Janice no respondió. Guardó silencio durante al menos un minuto y luego hizo algo que me sorprendió tanto como mi súbito ataque de llanto la había sorprendido a ella. Tendió el brazo y tiró todo lo que había sobre la mesa: platos, vasos, tazas, cubiertos, la fuente de la col, la jarra de naranjada, el plato con el jamón, la leche, la botella de té helado. Todo fue a parar al suelo.
—¡Mierda! —exclamó Dean, apartándose de la mesa con tanto ímpetu que estuvo a punto de caer de espaldas.
Janice no le hizo el menor caso. Nos miraba a Bruto y a mí; sobre todo a mí.
—¿Pensáis matarlo, cobardes? —pregunto—. ¿Vais a matar al hombre que salvó la vida de Melinda Moores e intentó salvar la de las niñas? Bueno; al fin y al cabo, sólo habrá un negro menos en el mundo, ¿no es cierto? Podréis consolaros con esa idea. Un negro menos.
—Se puso de pie, miró la silla y le dio una patada.

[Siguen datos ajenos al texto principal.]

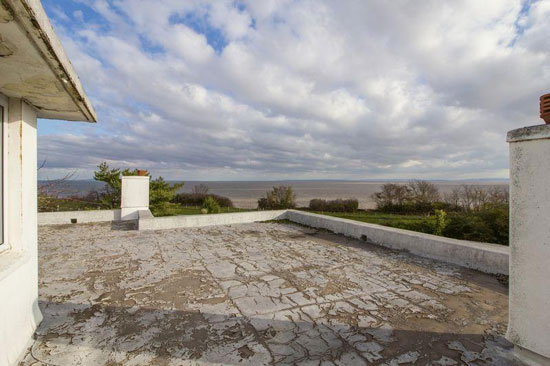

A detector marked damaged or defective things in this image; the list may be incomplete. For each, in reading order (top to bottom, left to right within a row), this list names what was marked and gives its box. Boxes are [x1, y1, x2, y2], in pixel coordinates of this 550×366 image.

cracked paint on floor [20, 222, 520, 364]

La silla rebotó contra la pared y cayó encima de la naranjada.
La cogí de la muñeca, pero se soltó—. No me toques —dijo—. Dentro de una semana serás un asesino igual que Wharton, así que no me toques.
Salió al porche trasero, se cubrió la cara con el delantal y se echó a llorar. Los cuatro hombres nos miramos. Al cabo de unos instantes, me levanté y empecé a limpiar. Bruto me echó una mano; luego se unieron Harry y Dean. Cuando la cocina recuperó su aspecto normal, los muchachos se marcharon. Ninguno dijo una sola palabra. En realidad, no había nada que decir.